Monday, 15 February 2016

Lessons to be learned

Monday, 15 February 2016
This ODI series has proved that, as exciting as this England side can be, they still have a lot left to learn. A 2-0 series lead slipped to a 3-2 series loss, as despite having the chances to wrap up a historic double series win in South Africa, England were left to rue mistakes and misjudgments and fall to a series defeat. It was an excellent comeback from South Africa, no doubt about it, but there too is the feeling that England let themselves down.

Patience is the key with this young England side; patience for those watching them, and something for the players to learn themselves. The first match saw them score 399, not even the first time they've been around the 400 mark in the past nine months; but it's not something that's going to happen every time. Of course I'm fond of this self belief, this mentality where there's no limit when they go out to bat. But there is a line between positivity and stupidity, between aggression and recklessness, and England can swerve too much over to the latter side. Take the final match as the most glaring example - crying out for someone to build a partnership with Alex Hales as he made a century. It wasn't a 400 pitch, but one where if a batsman settled, he could be rewarded. But nobody stayed there long enough, and despite an early struggle, it became a fairly comfortable win for South Africa. They made partnerships - de Villiers (101*) with Amla (59), and then with Wiese (41*) - and they reaped the rewards.

Mistakes in the field were also costly for England. They put down three catches at the Wanderers, where they had their best chance to secure the series win. Rashid's drop of Morris on 14 was the most costly - he then made 62 from 38 before finally being dismissed with the scores level. South Africa won by a single wicket. How it could have been so different. They are tiny, tiny moments, but it a format like this it doesn't take long for a batsman to get away and the damage to be dealt.

There are still a few questions over the bowling, though in a batsman's world it will always be a tough task. Reece Topley continued to make a good impression, finishing as the leading wicket taker on either side, but others struggled. Broad, Woakes, Willey, and Jordan took only one wicket apiece, and Topley was the only bowler to average below 40. Jordan suffered the most, conceding over eight runs an over throughout the series. Maybe it was the lack of a truly quick bowler, with Finn, Plunkett, and Wood all on the injury list. It was a hard series for the bowlers in any case with batsmen like de Kock in full flow, and further fine centuries from Amla and de Villiers. But there was still the feeling that something was slightly missing.

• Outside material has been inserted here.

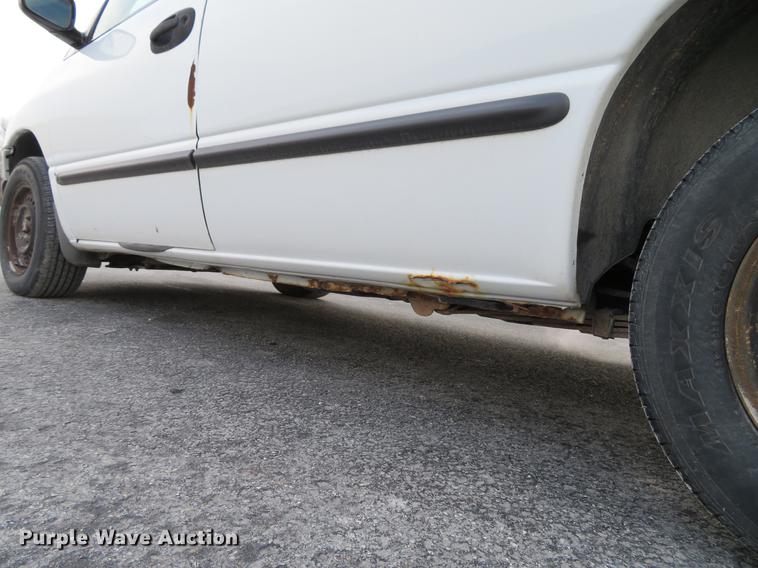 image for item DG3817 1999 Dodge Caravan van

There are still the positives, of course. Alex Hales and Joe Root were the leading runscorers of the series, and adapted the best to the situations and conditions. Hales passed fifty in every innings, finally rewarded with a century in the final game after being out for 99 in the second. It was a marked difference to the man who was ill at ease in the test series, looking much more assured in both attack and defence against the white ball. The first match showed exactly why it's so easy to get excited about this team - an opening partnership to get off to a flyer; a middle order with the freedom to express themselves; and a flexibility too, with Buttler moving up to number four and scoring his century. Coming from 73 balls, it was his slowest one yet for England.

A lot of it is a matter of maturity, and this team should get better the more they play. Batsmen will make low scores, they will make bad decisions, chase after one that's not meant to be hit. It's just disappointing when they all do it one after the other when there's time for them to just settle in a bit. Even in the most electrifying innings batsmen still have time to play themselves in before the real battering comes along, just think of how many times you watch a batsman suddenly get on a roll and just hit it everywhere. Unfortunately the captain led by example. Morgan can be brilliant at times, and at other times so poor. He struggled to make a mark in this series, and at Cape Town his was perhaps the worst shot of the lot.

And so, the learning curve continues. Bumps in the road are to be expected, and it's still worth remembering how far they have come, nearly a year to the day since being dismissed for 123 against New Zealand at the World Cup. It was hard to see a way out of the mire at that point, and now we have a team playing with the freedom and self belief we had always hoped for. Maybe the trick now is learning the right time to reign things in a bit.